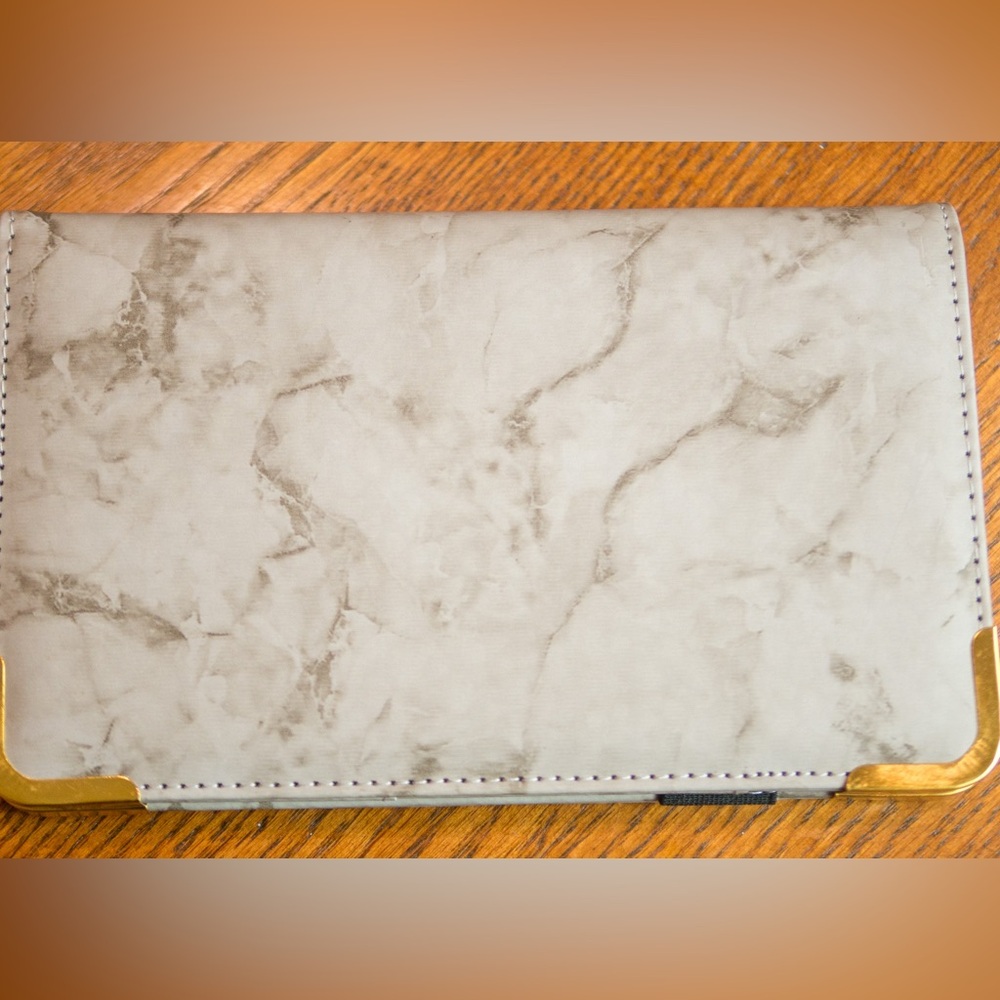 Server Book Organizer with Zipper Pouch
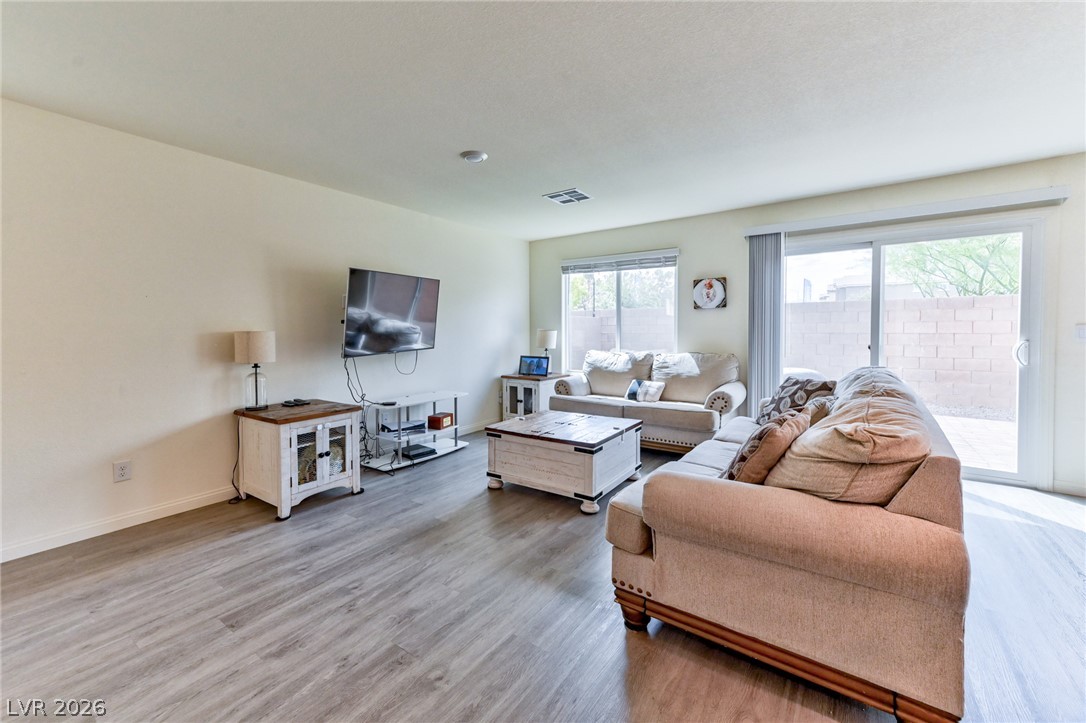 10395 Luna Mezzo Street Property Photo 4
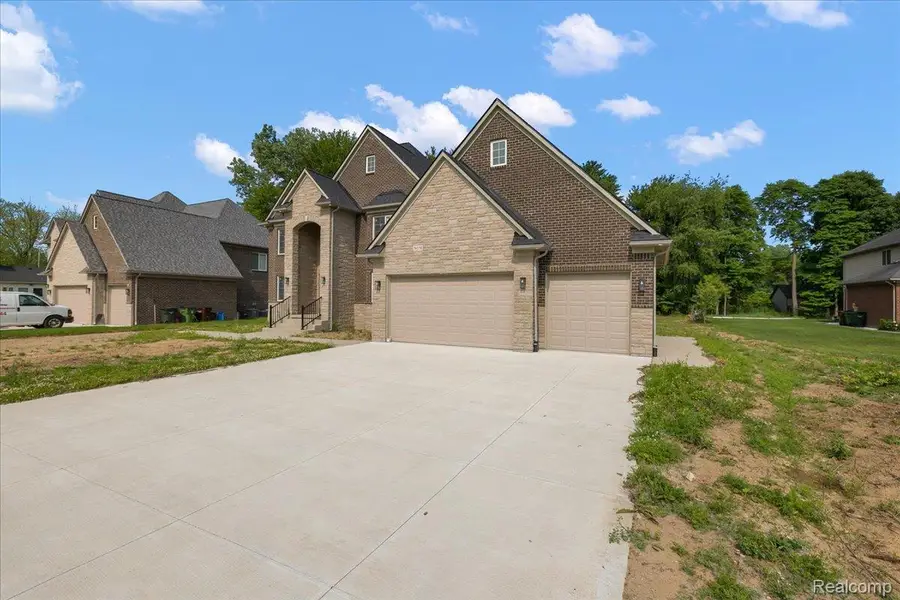 56350 Willow Creek Boulevard, Utica, MI 48316 - Image #3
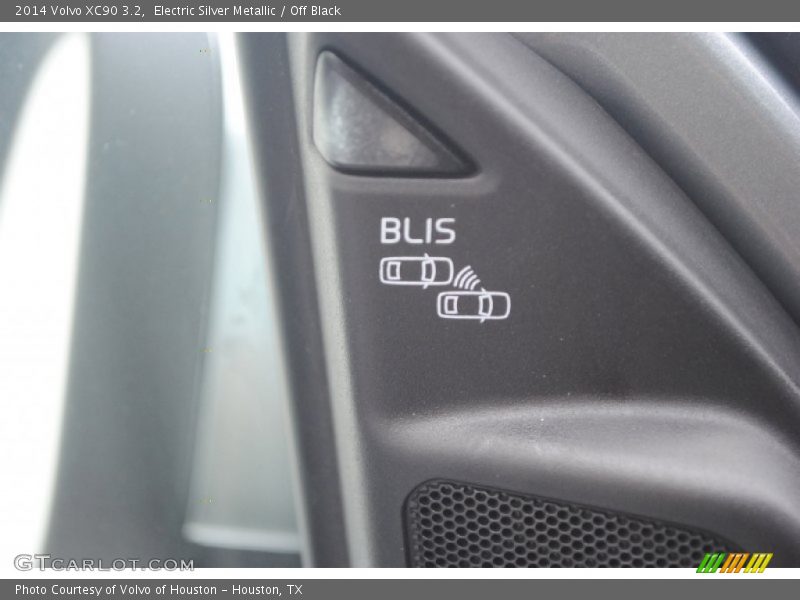 Electric Silver Metallic / Off Black 2014 Volvo XC90 3.2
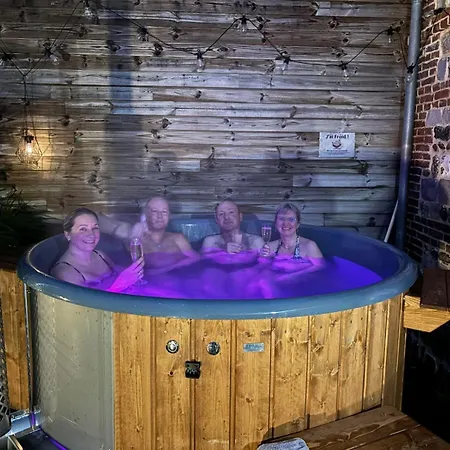 Les Eaux Du Moulin Piscine Chauffee Et Jacuzzi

============================================================

→ **TASK INSTRUCTIONS**
Your copy should hold every record word for word and none of the pictures.

→ **RESPONSE FOR THIS EXERCISE**
 Server Book Organizer with Zipper Pouch
 10395 Luna Mezzo Street Property Photo 4
 56350 Willow Creek Boulevard, Utica, MI 48316 - Image #3
 Electric Silver Metallic / Off Black 2014 Volvo XC90 3.2
 Les Eaux Du Moulin Piscine Chauffee Et Jacuzzi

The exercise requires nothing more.